Geneva (6 June, 2013) - United Nations human rights experts have voiced grave concern that two Russian non-governmental organizations that gave evidence to the UN Committee against Torture have been charged by Russian prosecutors.
The Anti-Discrimination Centre Memorial in St Petersburg and the Public Verdict Foundation in Moscow were charged in April and May respectively with allegedly violating legislation under which non-profit organizations involved in political activity must register as "foreign agents" if they receive money from abroad.
Committee against Torture Chairperson Claudio Grossman and the Committee’s Rapporteur on Reprisals George Tugushi said they had been informed that extracts from the groups’ submissions to the Committee last November had been cited as a basis for the charges.
They have written to the Russian ambassador to the United Nations in Geneva, Alexey Borodavkin, seeking urgent clarification and reassurances that Memorial, Public Verdict and other NGOs will not face any reprisals “as a result of their legitimate activities, including providing information to the Committee against Torture”.

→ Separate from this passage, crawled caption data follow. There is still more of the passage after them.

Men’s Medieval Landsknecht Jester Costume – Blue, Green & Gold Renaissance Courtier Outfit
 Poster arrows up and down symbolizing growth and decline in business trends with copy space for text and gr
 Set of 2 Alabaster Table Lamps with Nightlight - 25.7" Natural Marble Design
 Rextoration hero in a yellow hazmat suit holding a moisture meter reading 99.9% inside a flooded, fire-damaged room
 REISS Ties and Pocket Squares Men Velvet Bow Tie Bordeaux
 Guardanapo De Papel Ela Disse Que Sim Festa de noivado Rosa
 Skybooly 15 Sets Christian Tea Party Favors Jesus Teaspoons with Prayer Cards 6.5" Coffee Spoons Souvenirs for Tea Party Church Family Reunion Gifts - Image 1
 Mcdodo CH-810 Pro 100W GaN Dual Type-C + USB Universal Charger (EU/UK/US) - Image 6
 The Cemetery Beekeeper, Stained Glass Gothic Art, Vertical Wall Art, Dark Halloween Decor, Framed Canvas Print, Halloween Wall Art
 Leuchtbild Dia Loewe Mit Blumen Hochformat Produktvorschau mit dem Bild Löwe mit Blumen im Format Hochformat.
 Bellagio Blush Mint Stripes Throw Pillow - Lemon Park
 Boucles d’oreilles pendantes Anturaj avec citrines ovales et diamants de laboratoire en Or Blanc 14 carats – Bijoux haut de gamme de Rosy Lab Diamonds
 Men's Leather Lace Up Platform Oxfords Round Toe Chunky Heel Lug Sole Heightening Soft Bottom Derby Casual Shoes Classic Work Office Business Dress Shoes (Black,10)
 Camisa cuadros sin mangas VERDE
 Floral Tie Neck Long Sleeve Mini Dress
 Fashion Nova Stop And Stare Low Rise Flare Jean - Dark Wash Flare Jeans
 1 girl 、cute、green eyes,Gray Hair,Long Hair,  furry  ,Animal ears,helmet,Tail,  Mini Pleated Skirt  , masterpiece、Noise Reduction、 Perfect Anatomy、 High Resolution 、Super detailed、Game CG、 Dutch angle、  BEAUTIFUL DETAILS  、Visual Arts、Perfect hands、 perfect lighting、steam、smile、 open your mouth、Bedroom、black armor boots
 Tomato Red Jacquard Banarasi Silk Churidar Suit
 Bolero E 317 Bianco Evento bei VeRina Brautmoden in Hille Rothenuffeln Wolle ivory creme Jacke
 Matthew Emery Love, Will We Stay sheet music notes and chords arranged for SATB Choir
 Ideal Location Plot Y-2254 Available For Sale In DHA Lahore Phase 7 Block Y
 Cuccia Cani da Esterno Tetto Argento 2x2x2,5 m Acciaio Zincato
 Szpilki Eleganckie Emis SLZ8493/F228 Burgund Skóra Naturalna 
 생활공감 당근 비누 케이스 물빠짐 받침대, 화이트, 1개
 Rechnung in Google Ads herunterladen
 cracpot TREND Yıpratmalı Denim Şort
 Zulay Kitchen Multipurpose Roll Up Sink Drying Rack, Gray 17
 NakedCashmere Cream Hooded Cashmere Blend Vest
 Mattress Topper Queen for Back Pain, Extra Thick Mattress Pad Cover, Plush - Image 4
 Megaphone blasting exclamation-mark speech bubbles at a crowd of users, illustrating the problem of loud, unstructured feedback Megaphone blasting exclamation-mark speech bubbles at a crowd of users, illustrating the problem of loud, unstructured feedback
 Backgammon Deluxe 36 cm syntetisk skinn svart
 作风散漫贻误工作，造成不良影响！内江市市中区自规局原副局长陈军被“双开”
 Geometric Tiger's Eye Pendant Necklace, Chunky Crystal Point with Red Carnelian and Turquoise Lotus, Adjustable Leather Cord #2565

The experts reminded the Russian authorities that reprisals would contravene the Convention against Torture, to which Russia is a party.
Under the Convention, “Steps shall be taken to ensure that the complainant and witnesses are protected against all ill-treatment or intimidation as a consequence of his complaint or any evidence given”, Mr Grossman and Mr Tugushi noted.
The action by prosecutors against Memorial and Public Verdict was, they wrote, “part of the worrying shift in the legislative environment governing the enjoyment of the freedoms of assembly, association, speech and information”.
They recalled that UN High Commissioner for Human Rights Navi Pillay last year expressed concern about legislative amendments in the Russian Federation.
On 14 May 2013, three UN independent human rights rapporteurs highlighted the “obstructive, intimidating and stigmatizing effects” of the law on non-commercial organizations (NCOs), which were being subjected to an “unprecedented wave of inspections”.
The Committee against Torture periodically reviews countries to monitor their implementation of the Convention against Torture and Other Cruel, Inhuman and Degrading Punishment.
The Russian Federation was among those countries examined in November 2012.
In its concluding report, the Committee Against Torture urged Russia to ensure no individual or group would be subjected to prosecution for communicating with or giving information to the Committee or other UN human rights bodies.